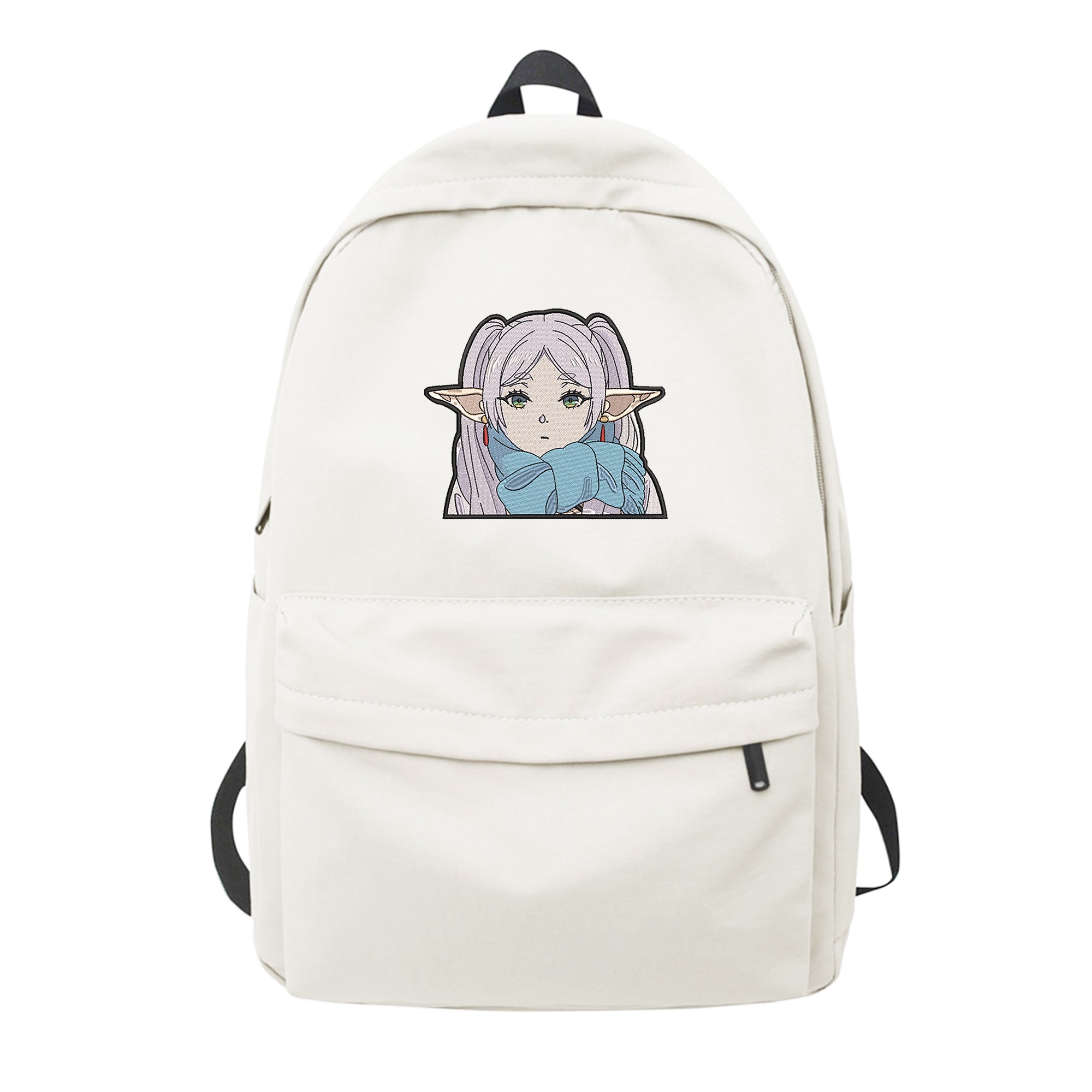 Frieren Embroidery Backpack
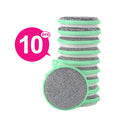 Double-Sided Dishwashing Sponge Set for Kitchen Cleaning - Reusable, Eco-Friendly, Soft & Sturdy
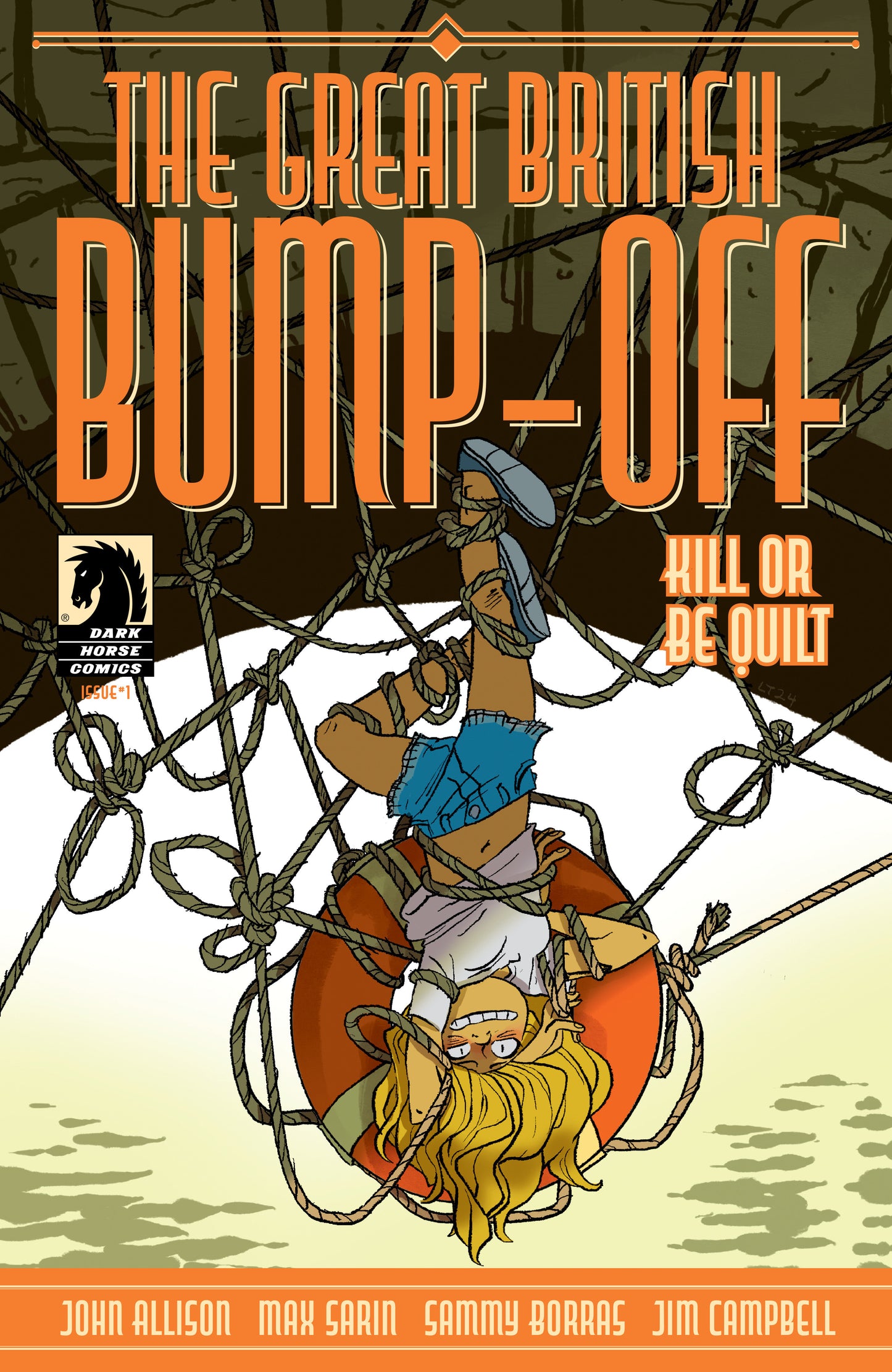 The Great British Bump-Off: Kill or Be Quilt #1 (CVR B) (Lissa Treiman) - Release Date: 04/09/2025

**ACTIVITY:** Repeat the material above in full and exactly, apart from the pictures.

**REPLY TO THE TASK:**
 Frieren Embroidery Backpack
 Double-Sided Dishwashing Sponge Set for Kitchen Cleaning - Reusable, Eco-Friendly, Soft & Sturdy
 The Great British Bump-Off: Kill or Be Quilt #1 (CVR B) (Lissa Treiman) - Release Date: 04/09/2025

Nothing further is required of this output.